[[ Information open ]]

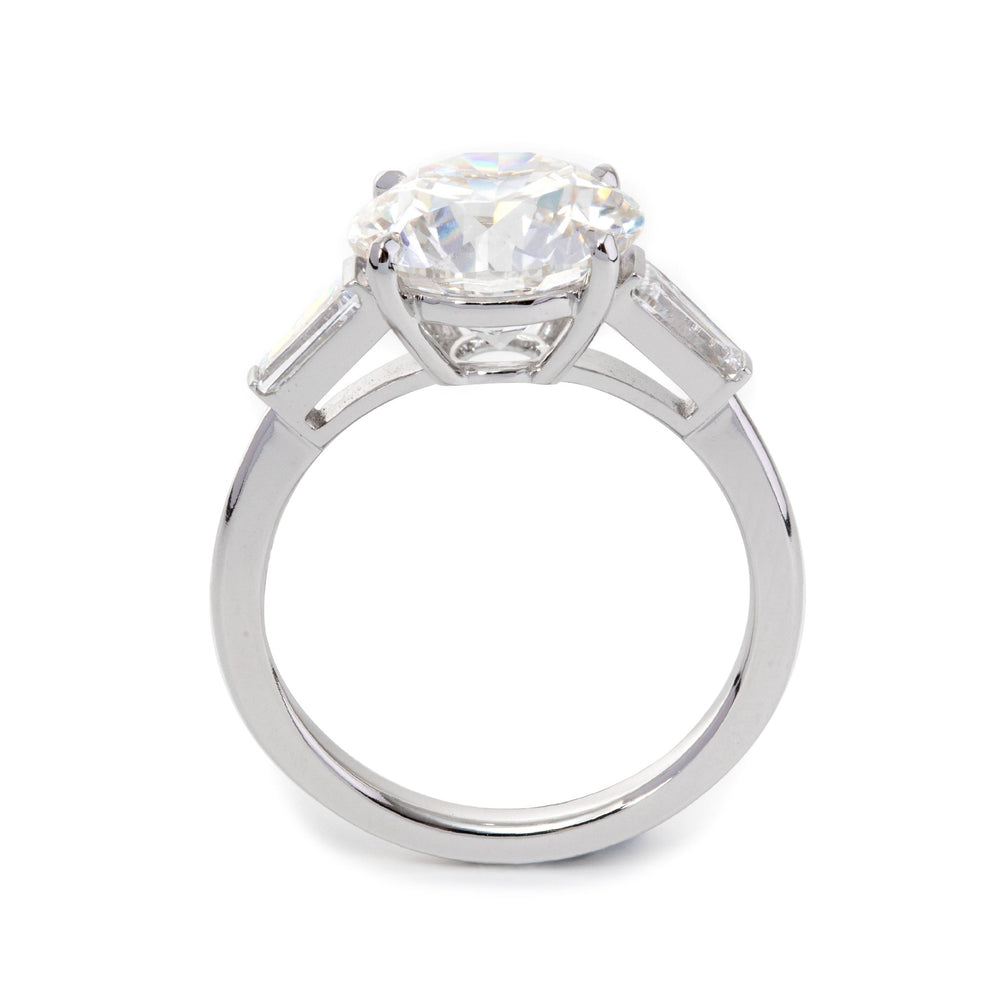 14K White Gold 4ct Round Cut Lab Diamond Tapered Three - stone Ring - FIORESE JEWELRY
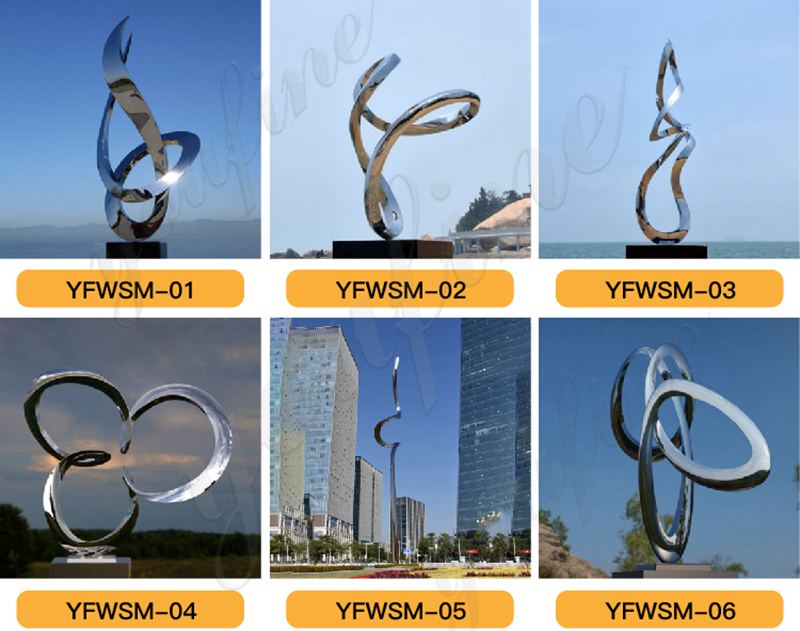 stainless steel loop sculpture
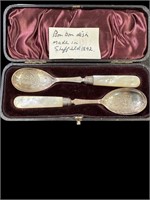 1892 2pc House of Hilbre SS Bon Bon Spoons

[[ Information closed ]]
[[ Information open ]]

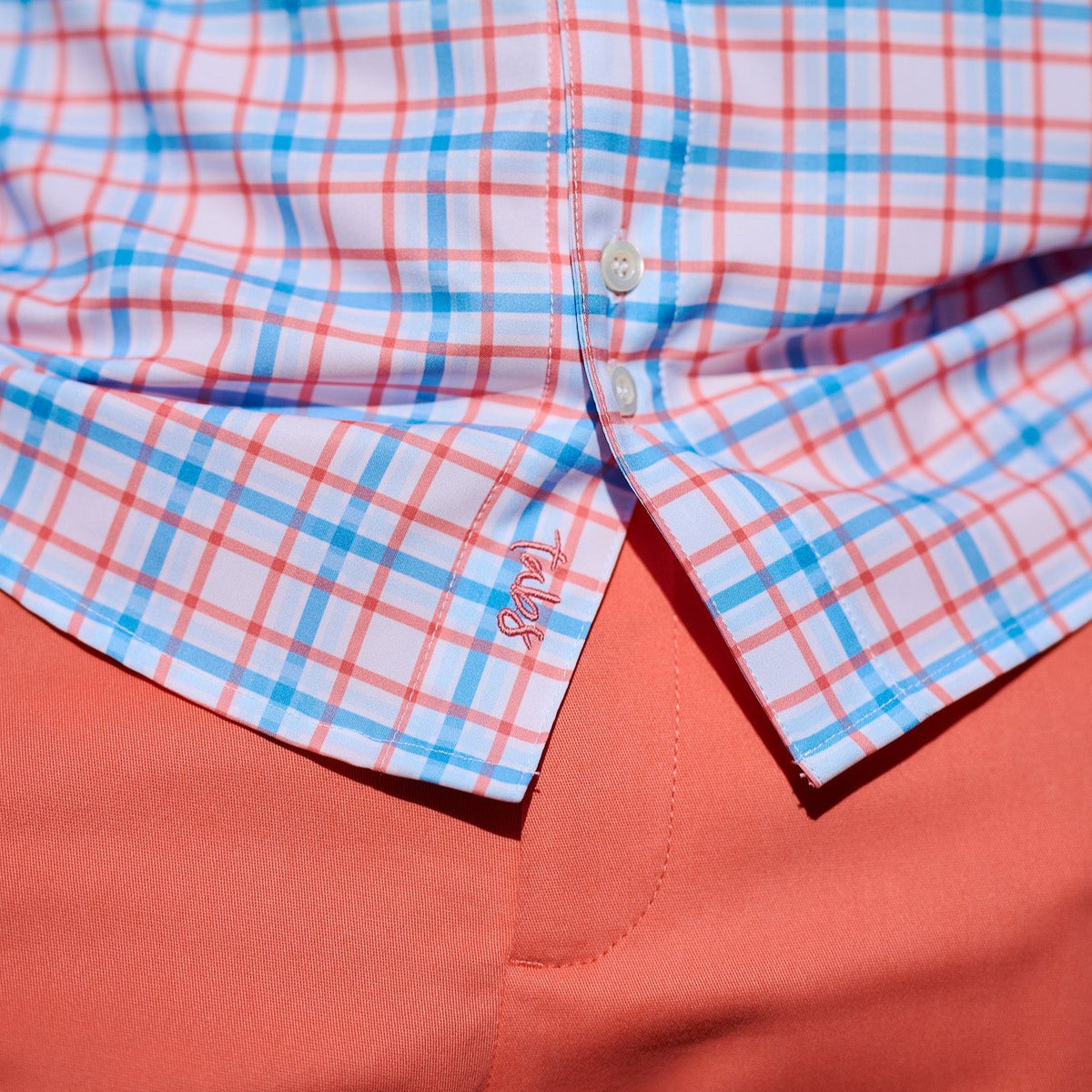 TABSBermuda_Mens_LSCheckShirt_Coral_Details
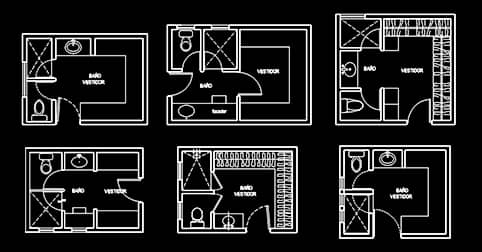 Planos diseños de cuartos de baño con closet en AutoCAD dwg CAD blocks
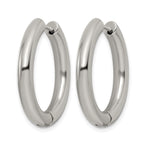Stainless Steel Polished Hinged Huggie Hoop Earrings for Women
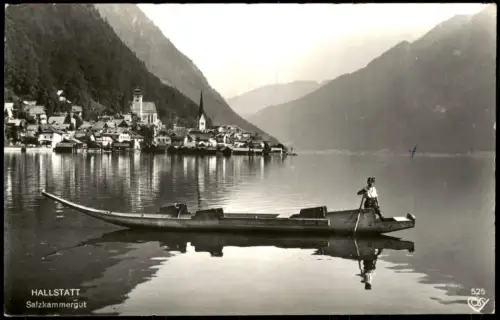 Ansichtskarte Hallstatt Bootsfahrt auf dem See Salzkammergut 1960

[[ Information closed ]]
[[ Information open ]]

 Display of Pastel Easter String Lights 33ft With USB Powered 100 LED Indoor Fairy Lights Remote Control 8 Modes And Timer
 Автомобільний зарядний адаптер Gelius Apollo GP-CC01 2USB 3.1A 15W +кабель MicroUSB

[[ Information closed ]]

Set the pictures aside and reproduce exactly the lines above, from the line holding "14K White Gold" through the line holding "1892 2pc House of Hilbre SS Bon Bon Spoons", both included, with nothing else.

 14K White Gold 4ct Round Cut Lab Diamond Tapered Three - stone Ring - FIORESE JEWELRY
 stainless steel loop sculpture
 1892 2pc House of Hilbre SS Bon Bon Spoons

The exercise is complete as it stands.